:: What is needed ::
Retype, word for word, the lines from the first line of the entries through the line that holds "Talia | Classic Formal Coat"; leave out the pictures.

(Data excerpts)
►

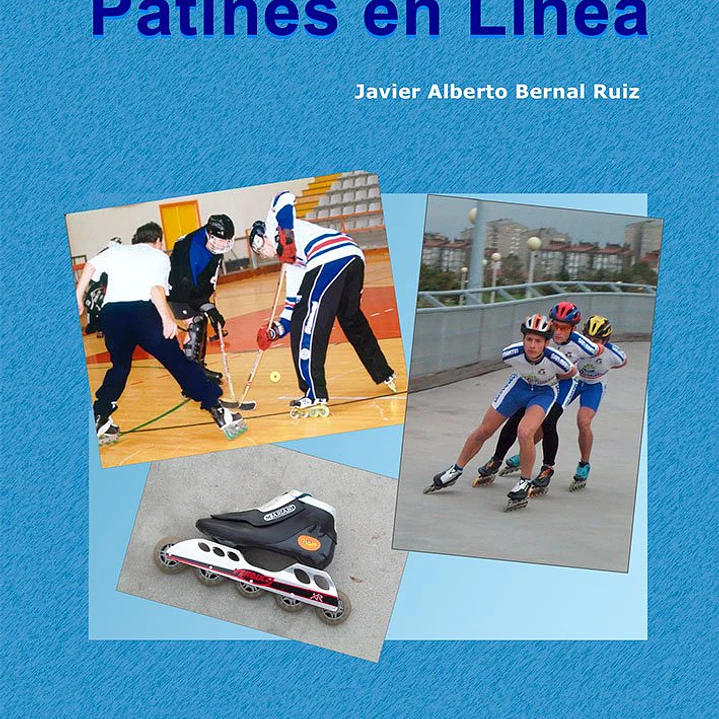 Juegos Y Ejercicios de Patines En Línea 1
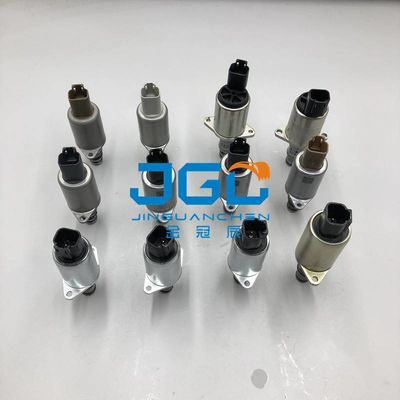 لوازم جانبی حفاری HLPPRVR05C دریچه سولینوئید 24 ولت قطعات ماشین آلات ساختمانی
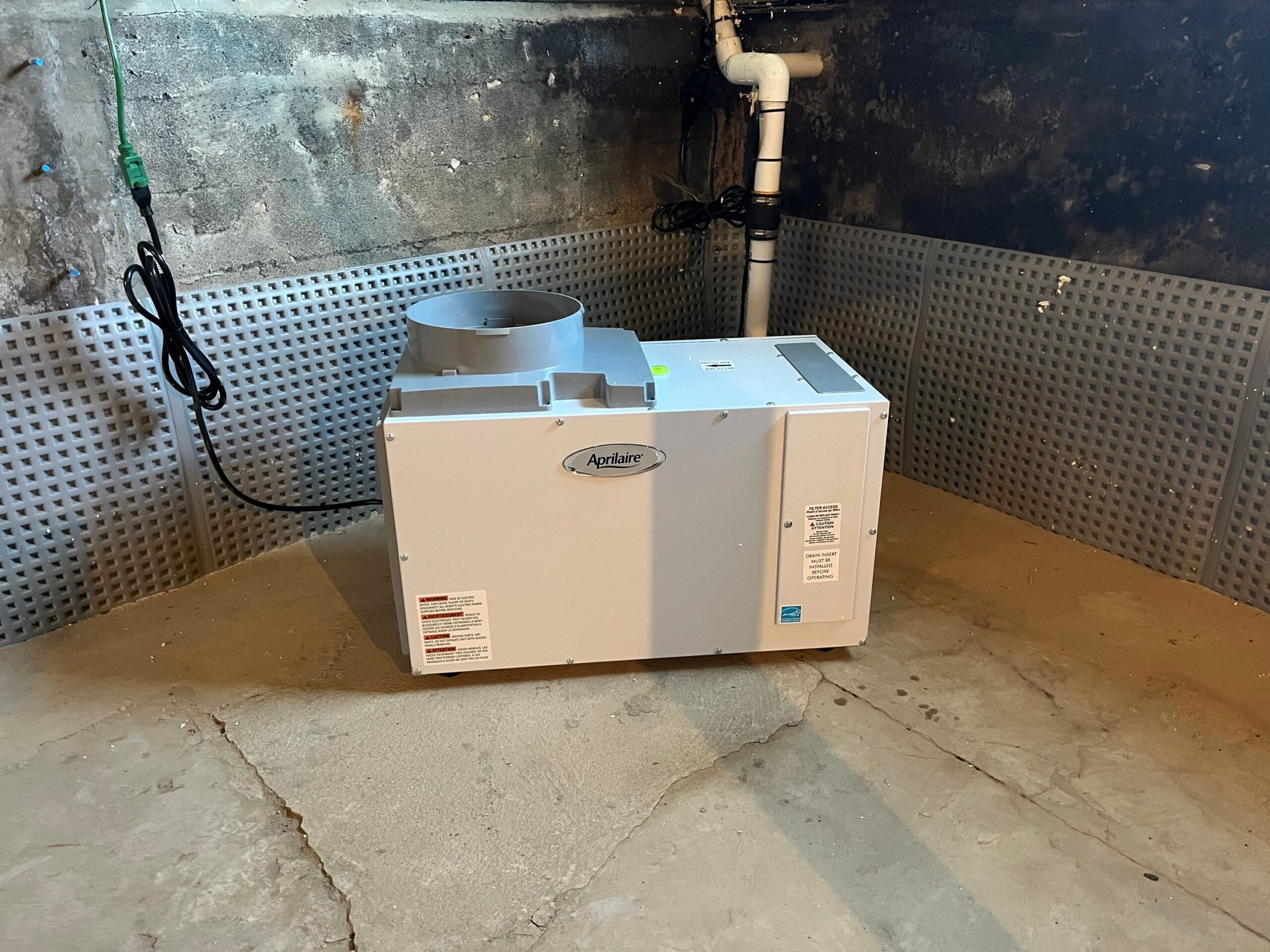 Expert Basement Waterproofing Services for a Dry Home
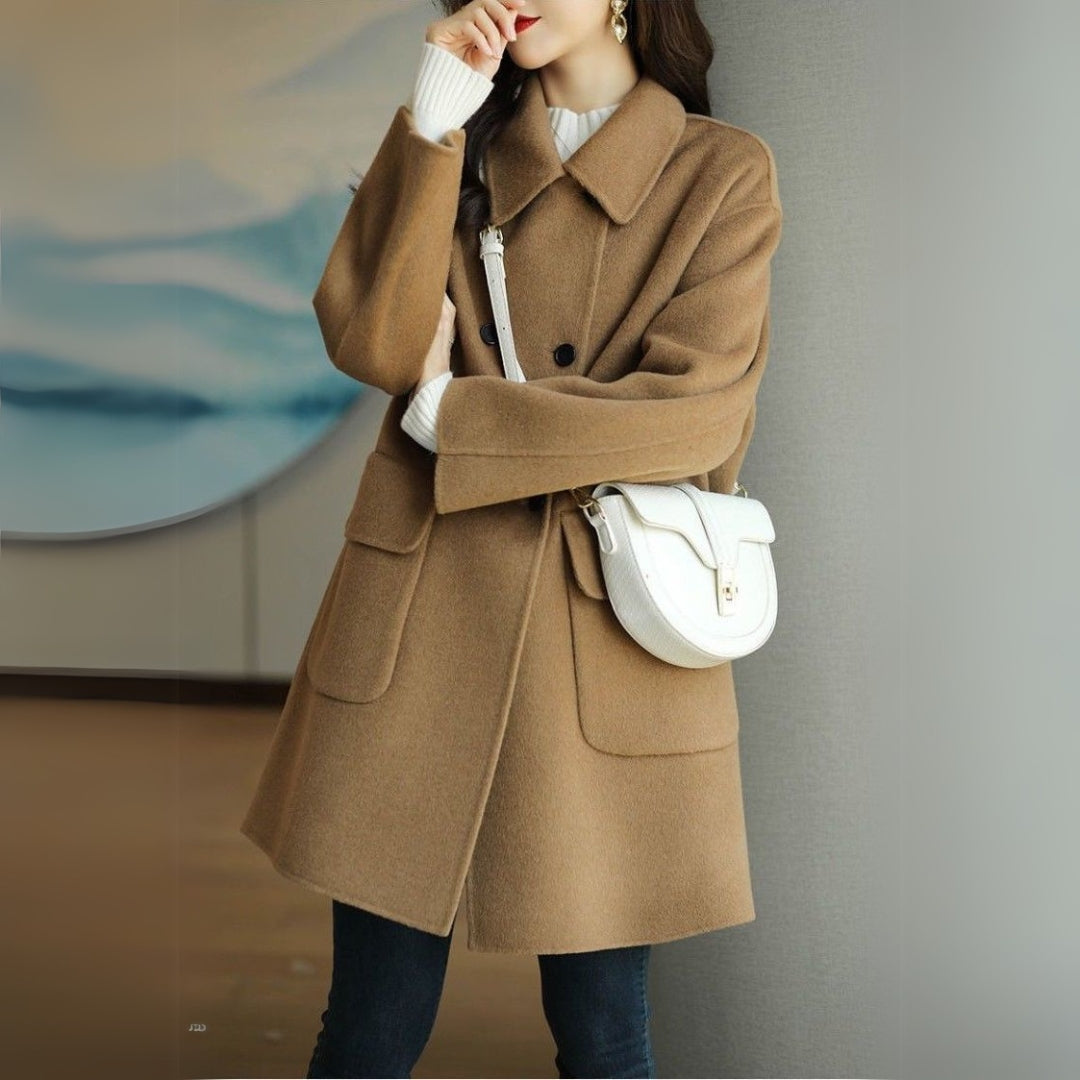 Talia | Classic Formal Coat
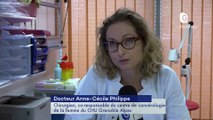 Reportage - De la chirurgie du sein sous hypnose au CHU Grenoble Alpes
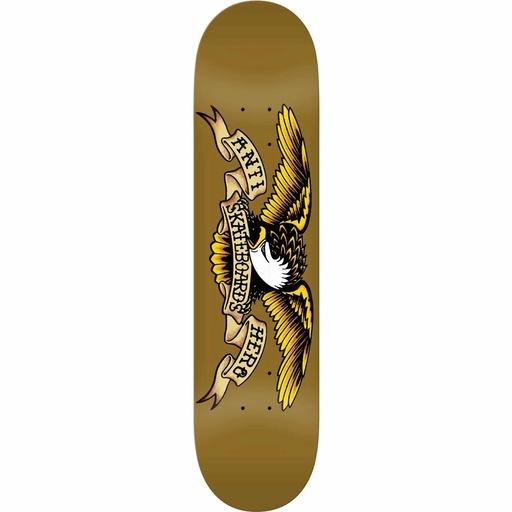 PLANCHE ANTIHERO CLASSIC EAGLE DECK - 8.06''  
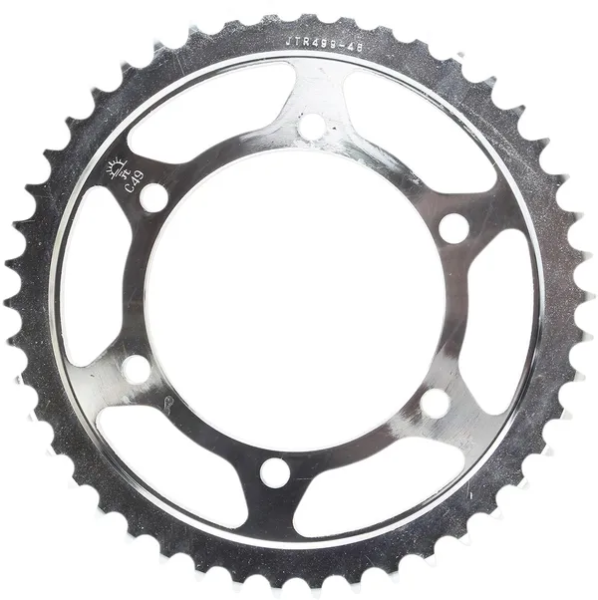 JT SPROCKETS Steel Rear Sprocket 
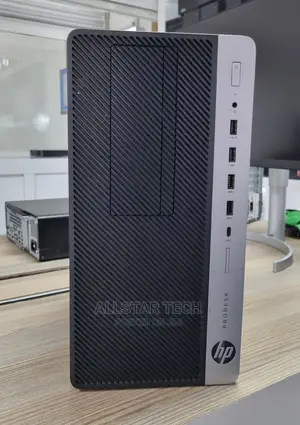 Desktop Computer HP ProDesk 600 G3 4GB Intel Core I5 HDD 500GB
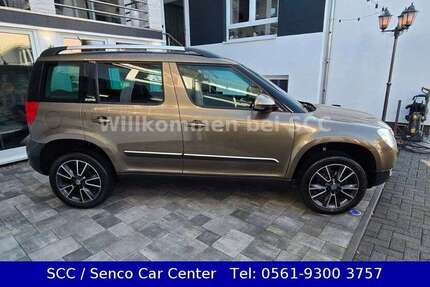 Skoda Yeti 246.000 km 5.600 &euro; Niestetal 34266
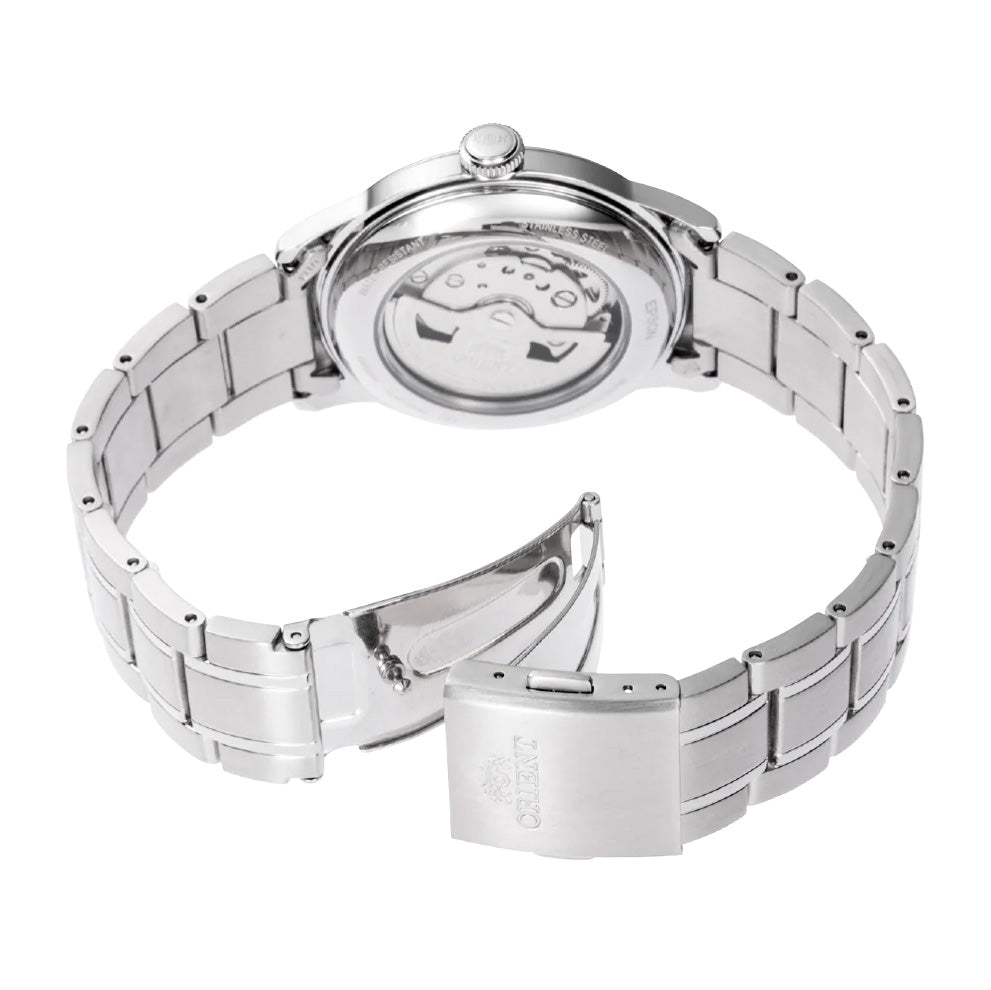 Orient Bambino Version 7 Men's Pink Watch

◄

:: Response to this task ::
 Juegos Y Ejercicios de Patines En Línea 1
 لوازم جانبی حفاری HLPPRVR05C دریچه سولینوئید 24 ولت قطعات ماشین آلات ساختمانی
 Expert Basement Waterproofing Services for a Dry Home
 Talia | Classic Formal Coat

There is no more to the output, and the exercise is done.